My parliamentary hero has always been that remarkable small man from Yorkshire, William Wilberforce, who, against all the odds in his time, spearheaded in Parliament the campaign against the slave trade, and then against slavery, and who, as he died, in 1833, was brought the news that the Bill abolishing slavery itself had passed through both Houses of Parliament. He can and should be an inspiration to us all. But, of course, as one evil is combated—and we have every reason in this country to be proud that we took a lead there—others arise. I was born just before the outbreak of the Second World War. I remember being taken to the cinema and seeing those newsreels from Belsen, from which my mother tried to protect me, but my father said I should see them and realise what evil mankind can be capable of. When I was a young Member of Parliament, in another place, I had the great honour of being chairman of the campaign for the release of Soviet Jewry.

Those were evils that were combated, but at enormous cost. And now, what are we to do to take a lead against unspeakable atrocities being committed in China? A great nation that persecutes its minorities can never be great in stature, however great it may be in size, and we have to realise that. No nation can be great in stature, as ours has been in the past, unless it is prepared to stand up and say, “This is something we cannot accept”. It is often said that he who sups with the devil must use a long spoon, and he who trades with a nation that is committing bestial atrocities against its own people has to say, “Where is our moral compass in all this?”

Of course, there are things we cannot do, but there are things we can do. My noble friend Lord Polak talked about the forthcoming Winter Olympics, as did the right reverend Prelate the Bishop of St Albans. They were right: it is not a futile gesture to say that we will not take part, and I hope we will not. Certainly, there should be no participation on a diplomatic level, but I do not think there should be participation on the ski slopes either. I think we have to nail our colours to the mast here. We have to be very careful. The noble Baroness, Lady Smith of Newnham, spoke again—she has done so before—about cotton. We have to be able to say that we want to keep our hands as clean as we can and try to find our moral compass again. We want to try to point the way to how one should deal with nations that are perpetrating great evil.

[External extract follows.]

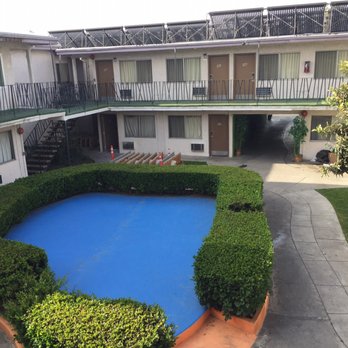 M Motel - Second floor outlook. Pretty decent - Hotels Near Me - El Monte, California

The Chinese have done it before, in Tibet. They have virtually extinguished a unique civilisation. They have done it in other parts of their own enormous country and they are doing it now. I do not think there is any more appalling, revolting manifestation of what they are doing than the trading of organs. It is despicable, and I do not mind if my Chinese visa is withdrawn for saying that, because I say it deliberately. Yes, we have to engage diplomatically with the Chinese—of course we do—but we have to engage from a point of moral strength. I hope that the message will go out today that we in this House will not give up supporting the noble Lord, Lord Alton, in his campaign: we will all make it our campaign and I hope we will have an encouraging response from the Minister.